■ **TASK DETAILS**
Please print nothing but the lines from the one with "Molukkenstraat 47, Den Helder" to the last line of the records below, and omit pictures.

====== EXTRACTED ENTRIES

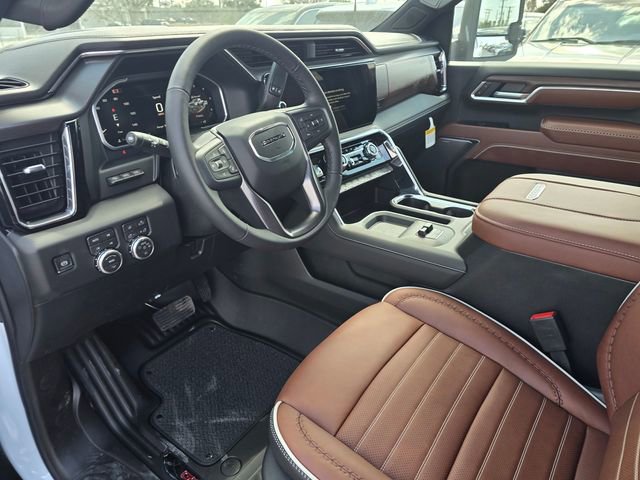 New 2026 GMC Sierra 2500 Denali Ultimate image 18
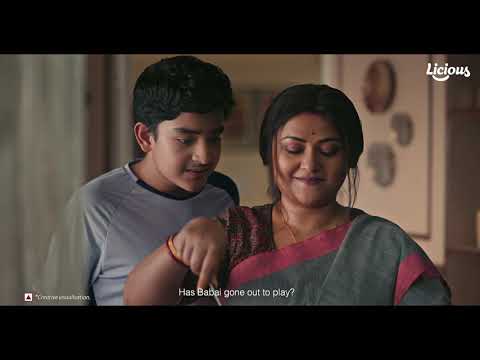 Sera Sunday mane Licious-er Sera Mutton!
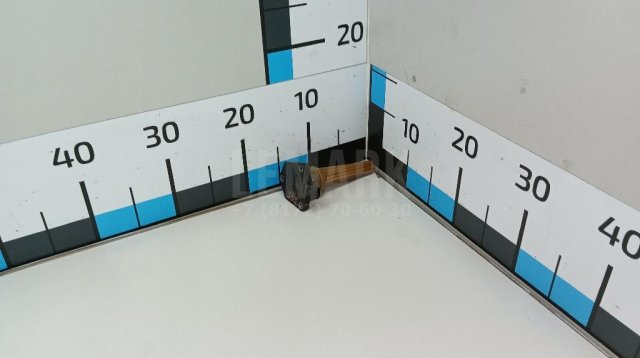 Датчик уровня масла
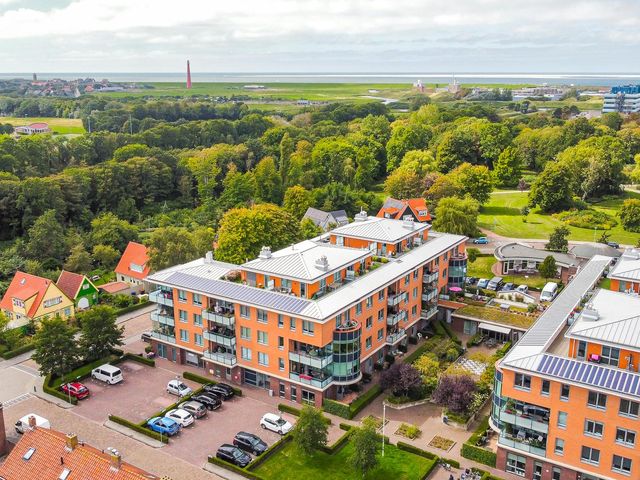 Molukkenstraat 47, Den Helder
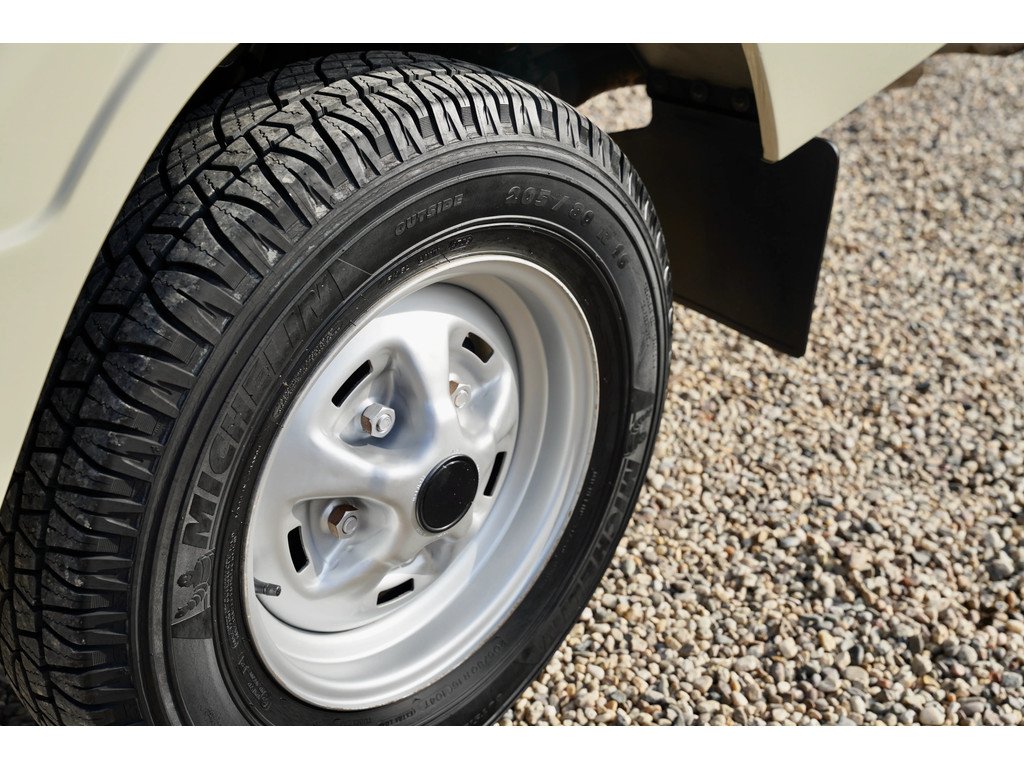 1980 Land Rover Range Rover - Classic 3.5 V8 "Body-off restored", foto 7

============

■ **RESPONSE TO THE TASK**
 Molukkenstraat 47, Den Helder
 1980 Land Rover Range Rover - Classic 3.5 V8 "Body-off restored", foto 7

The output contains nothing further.